Alternative proof : If E and F have positive measures then E+F contains an interval

Question

The statement is following :

$E, F$ are measurable subsets in $\mathbb{R}$ which have positive measure. Then prove that $E+F=\left\{ x+y\ :\ x\in E,\ y\in F\right\}$ contains an interval.

This is a problem 30 in Stein's Real analysis. I already read the proof of this by using convolusion which is here.(This problem is so-called Steinhaus theorem) Moreover, I proved that the previous problems number 28 and 29 in the book. My goal is applying the same technique to above one, using the technique in problem number 29 :

First, by problem number 28, $ \exists I^F$ and $I^E$ such that $$m(E\cap I^{E})\geq{\displaystyle \frac{9}{10}m(I^{E})} \text{ and } m(F\cap I^{F})\ge{\displaystyle \frac{9}{10}m(I^{F})}.$$ Let $E_{0}= E\cap I^{E}$ and $F_{0}= F\cap I^{F}$ and let $e_{0}, f_{0}$ : center of $I^{E}, I^{F}$, respectively.

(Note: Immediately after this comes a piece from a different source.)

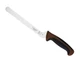 Bread Knife 8 Offset Wavy Edge Brown Mercer Culinary Millennia M22418BR Color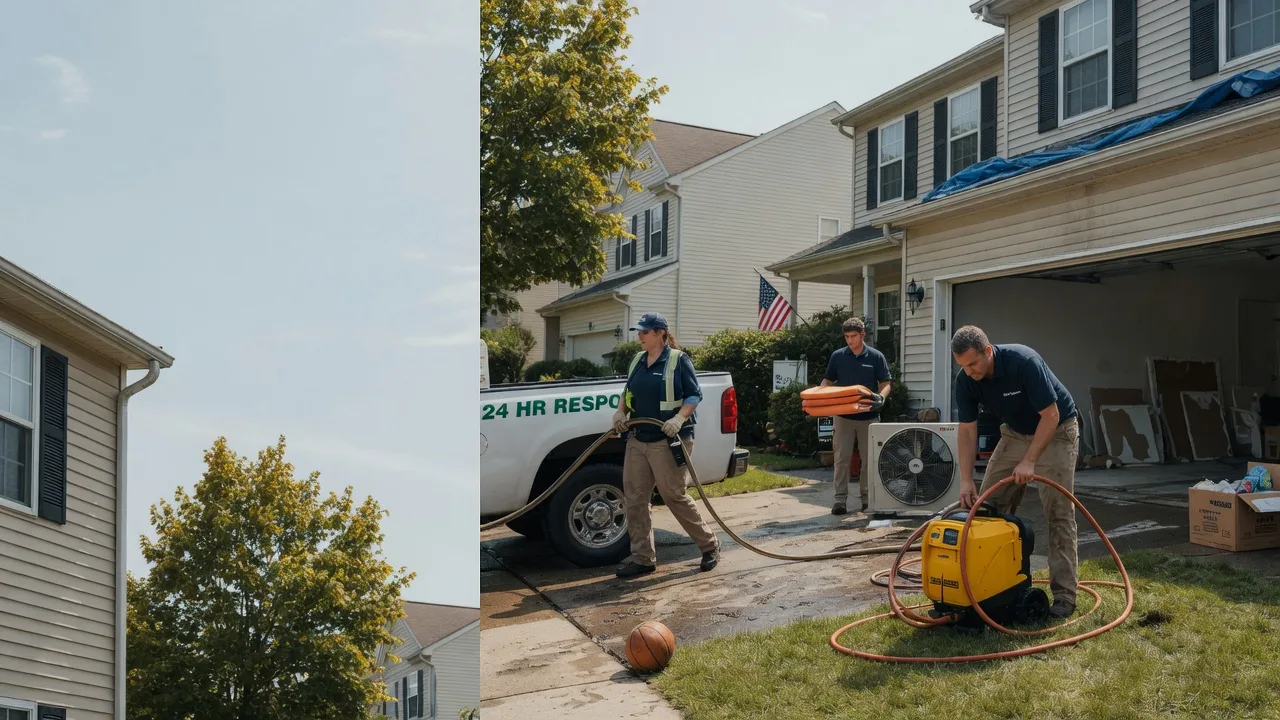 Emergency Water Damage Restoration in Woodland, MS near me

Suppose $E_{0}+F_{0}$ does not contain an interval centered at $e_{0}+f_{0}$. Then $\exists a$ : small such that $E_{0}\cap(e_{0}+f_{0}+a-F_{0})=\phi$. But, $E_{0}\cup(e_{0}+f_{0}+a-F_{0})\subset I^{E}\cup(e_{0}+f_{0}+a-I^{F})$. Measure of left hand side is more than $\frac{9}{10}(m(I^{E})+m(I^{F}))$ but the measure of Right had side is slightly less than $\max(m(I^{E}),m(I^{F}))$.

And that's it. I stopped here. I can't make any contradiction. I thought that if I can make measure of $I^E and I^F$ are equal, then I prove the problem but this one is also a big problem.

Anyone can comment on this?

Answer 1

This proof uses the Lebesgue density theorem. If $e$ and $f$ are points of density of $E$ and $F$, and $\epsilon > 0$, there is $\delta > 0$ such that $m([e-\delta,e+\delta] \backslash E)/(2\delta) < \epsilon $ and $m([f-\delta,f+\delta] \backslash F)/(2 \delta) < \epsilon$.
I claim that $e + f + [-\delta/2,\delta/2] \subseteq E + F$.

Consider any $z \in e + f + [-\delta/2, \delta/2]$. Let $s$ be chosen from the interval $e + [-\delta/2, \delta/2]$. Thus $z-s \in f + [-\delta, \delta]$. The set of $s \in e + [-\delta/2,\delta/2]$ for which $s \notin E$ has measure $< 2 \delta \epsilon$. The set of $s \in e + [-\delta/2, \delta/2]$ for which $z-s \notin F$ has measure $< 2 \delta \epsilon$. If $4 \delta \epsilon < \delta$, removing these leaves a set of positive measure (and in particular at least one) in which $s \in E$ and $z-s \in F$, so that $z \in E + F$.

Answer 2

actually I think your idea could be extended by substituting $e+f$ to any real number, then you could move Ie until Ie is contained in another

Answer 3

First, $E + F$ can be replaced by $E - F$ by redefining $F$ as $-F$. (This will avoid some clustering later.)

Choose $I_1$ and $I_2$ such that

$$ \begin{eqnarray} m(I_1 \cap E) > (1-\epsilon) m(I_1)\tag{1} \\ m(I_2 \cap F) > (1-\epsilon) m(I_2)\tag{2} \end{eqnarray} $$

We can divide $I_1$ into consecutive sub-intervals of equal length. At least one of those sub-intervals will still satisfy (1). The same is true for $I_2$. Therefore, we can get one sub-interval $I'_1$ for $E$ and another $I'_2$ for $F$, such that $$(1+\epsilon) m(I'_2) \ge m(I'_1) \ge m(I'_2) \equiv \alpha.$$

In the text that follows, I will write the un-primed version.

By shifting $F$, we can make $I_1 \supset I_2$.

Let $A = I_1 \cap E$ and $B = I_2 \cap F$, and define $$ \begin{eqnarray} x &=& m(A-B) \\ y &=& m(A \cap B) \\ z &=& m(B-A) \end{eqnarray} $$

Taking the union of the three disjoint sets above, we have $$ \begin{eqnarray} x+y+z &\le& m(I_1) = (1+\epsilon) \alpha \tag{3} \\ (x+y) + (y+z) &>& (1-\epsilon) (m(I_1) + m(I_2)) = 2(1-\epsilon)\alpha \tag{4}. \end{eqnarray} $$

Subtracting (3) from (4), we have $y > (1-3\epsilon) \alpha$. By choosing e.g. $\epsilon = 0.1$ from the very beginning, we have $m(A\cap B)>0$.

By Exercise 29, the difference set of $A \cap B$, which is a subset of $E-F$, contains an open interval.